Monday 2 July 2007

Degrees of Separation: Two

In the space of less than 10 hours I had the uncanny experience of having 2 degrees of separation from two of Britain's best-loved children's authors. Not via their agents, publicists, etc, or anyone in the industry; I wouldn't count that. No; I'm talking sheer coincidence.

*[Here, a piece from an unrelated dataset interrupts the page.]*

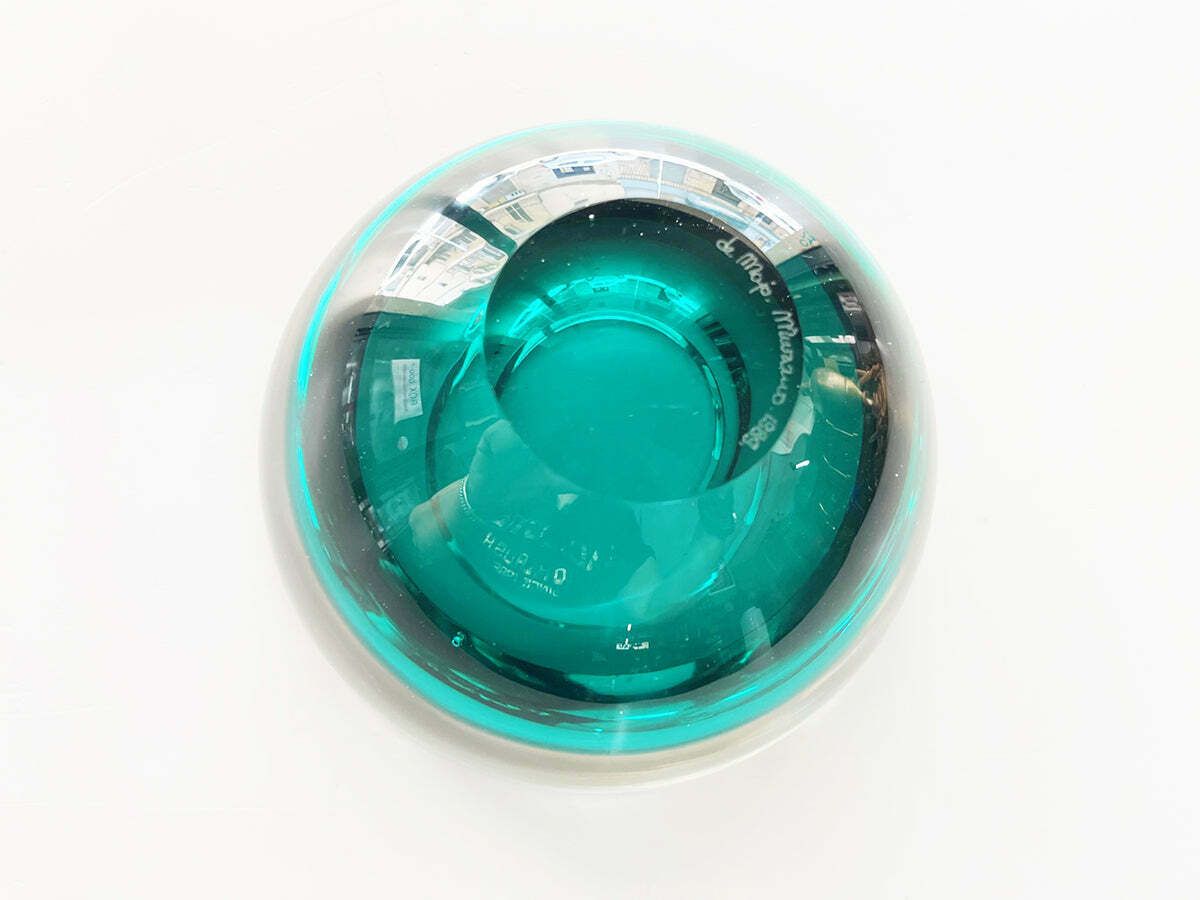 Ashtray Green De Majo 1989 Murano Signed  Art photo Home Decor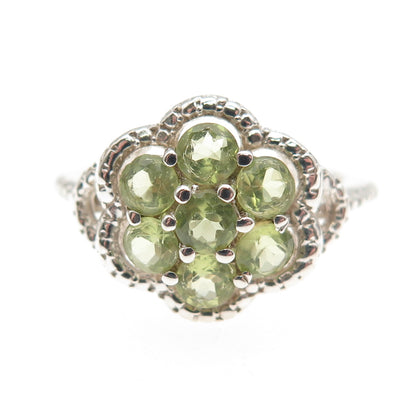 Chuck Clemency 925 Sterling Silver Real Round-Cut Peridot Cluster Ring Size 7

Lookit: Yesterday, we're having lunch in Brighton, celebrating the First Holy Communion of our friends' daughter (her parents are enlightened atheists...). Two of the guests haven't seen me since I first started writing novels a few years back. They ask me to fill them in on the progress since then. "Someone I know at school - a parent - writes childrens' books," one of them says. "What's his name now? He's always saying how competitive it is." Later she remembers his name: Anthony Horowitz. "My nephew's favourite writer," I tell her. "My nephew keeps asking me if maybe one day I can get his autograph."

Much later that day we walk into Xi'an, the Szechuan Chinese restaurant owned by my pals Amy and Gary. Gary tells me over the bar that Philip Pullman used to be his teacher at Bishop Kirk, once a middle school in Summertown. "He comes in here sometimes," Gary says cheerfully. "He still remembers me! Tells me how I used to misbehave in class!" Then Gary tells me that Amy is giving lessons in Mandarin. I should learn, he says, so that I can one day converse with Chinese readers of my books. Gary does a quick mental calculation about what tiny proportion of the Chinese would need to read the books to make me a millionaire.

I love it when my friends are this optimistic. More power to the positive visualisation!

1 comment:

R1X said...

The first celeb I ever saw was Keith Chegwin at the local Beefeater - I was so star struck I followed him to the loo, and realised when I got there how absolutely stupid I was to think I could just say "Hi." It was an faintly embarrassing time though we both observed the three-urinal distance.

Anyhoo, one of the librarians here at Bracknell was also taught by Philip Pullman. She still has her marked stories and poetry by him. Crazy.